Czech Republic
The markets have finally reacted to domestic figures as expectations for short-term rates (FRA) and the koruna fell after surprisingly lower-than-expected June’s inflation figures released already on Tuesday. As we already mentioned low inflation readings imply that probability of an immediate rate hike form CNB is very low now, which means that the short-end of the curve might stay at very low levels and the koruna might not get any interest- rate support soon.
Moreover, in the case of the koruna we are afraid that the zloty could stay weak in coming days, because of negative spill over effects from the euro zone periphery.
Hungary - Forint stabilises after new lows
The Hungarian forint set a new 1-month low of 270.25/€ yesterday at noon after news from the European banking stress test increased risk aversion again.
The currency later recovered to 267.00 and settled down at 269.00.

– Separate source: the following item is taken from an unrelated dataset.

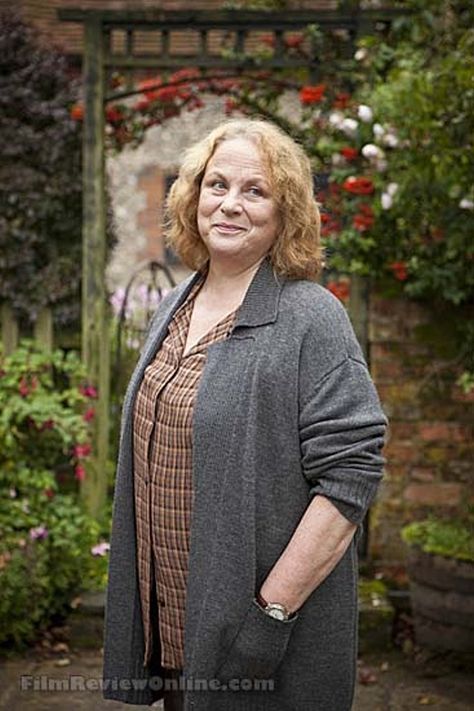 Pam Ferris Pam Ferris, Felicity Kendal, British Mysteries, Full Life, British Tv, Village Life, Favorite Actors, Interesting Faces, Stephen King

The central bank released a warning signal that the 2012 budget needs about 2% of GDP tightening measures in order to achieve the budget deficit target of 2.5% of GDP. It also stated that current plans, like the Szell Kalman Plan or the Convergence Program may significantly lower this amount. The government will submit the budget proposal to the Parliament in mid-September and that may be a key element in this debate.

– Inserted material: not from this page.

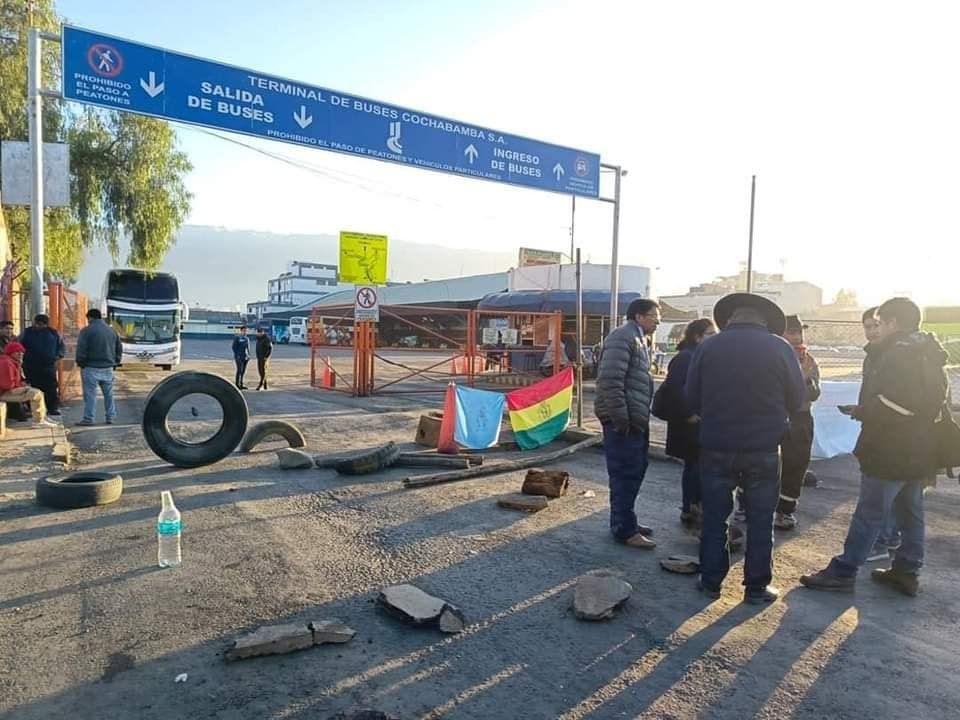 Conductores asalariados bloquean Terminal de Buses de Cochabamba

Polish inflation was much lower due to German E.coli outbreak
The Fed’s dovish signal and subsequent weakness in US dollar helped the zloty to trim some of the recent losses. Nevertheless the pair stayed above 4.00 EUR/PLN as the Swiss franc (key currency for fx denominated loans of Polish households) continued to gain towards euro and as inflation came much lower than expected trimming hopes on further interest rate hikes.

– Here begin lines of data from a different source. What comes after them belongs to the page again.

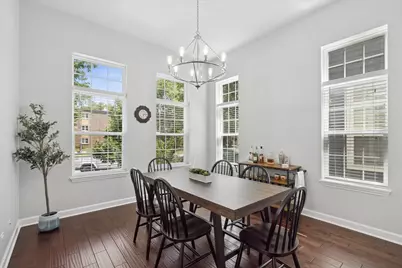 14 N Dryden Place, Arlington Heights, IL 60004 - Photo 3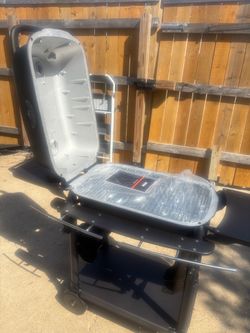 Portable original grill pk300 Aaron Franklin cast Aluminium charcoal grill brand new pickup only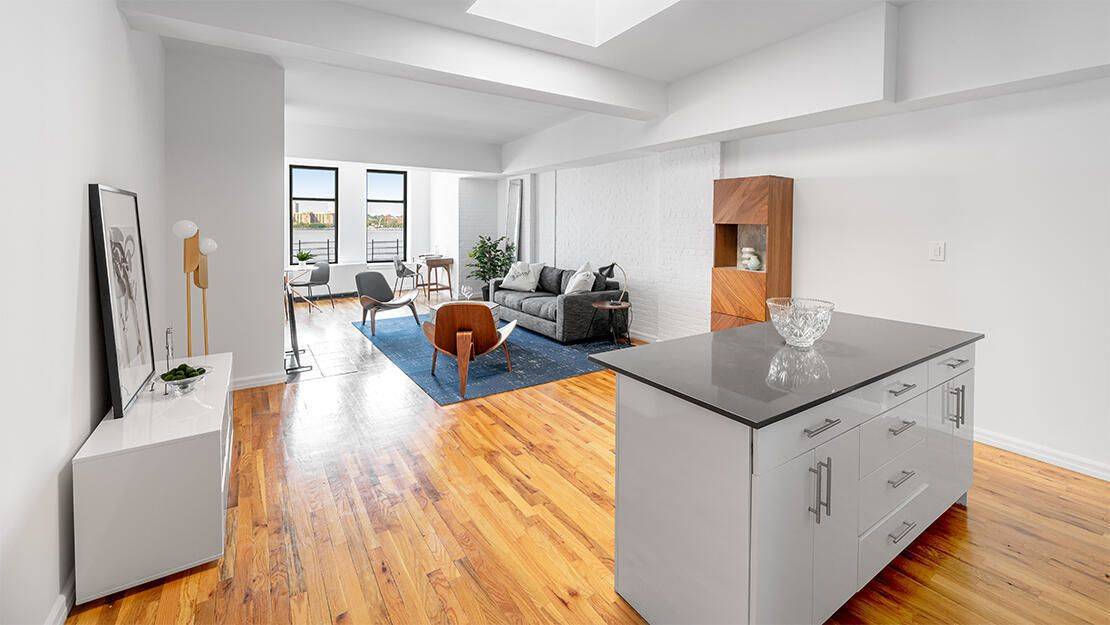 NO FEE, Spacious 1 bedroom/1 bathroom located in luxury West Village building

Polish inflation came out at 4.2% y/y in June, much lower than both our and consensus 4.8% view. The outcome was similar to earlier released figures in the Czech Republic, Hungary and Romania, where an E.coli outbreak in Germany pushed down prices of vegetables.
Although it is a one-off effect that should vanish in the upcoming months, it supports our base scenario, which considers a break in interest rate hikes till late autumn. Well known dove Elzbieta Chojna Duch said the inflation reading proved the council was right to pause last month. On the other hand rather hawkish Anna Zielinska-Glebocka said that the June drop in CPI could be on-off and should not have impact on the monetary policy.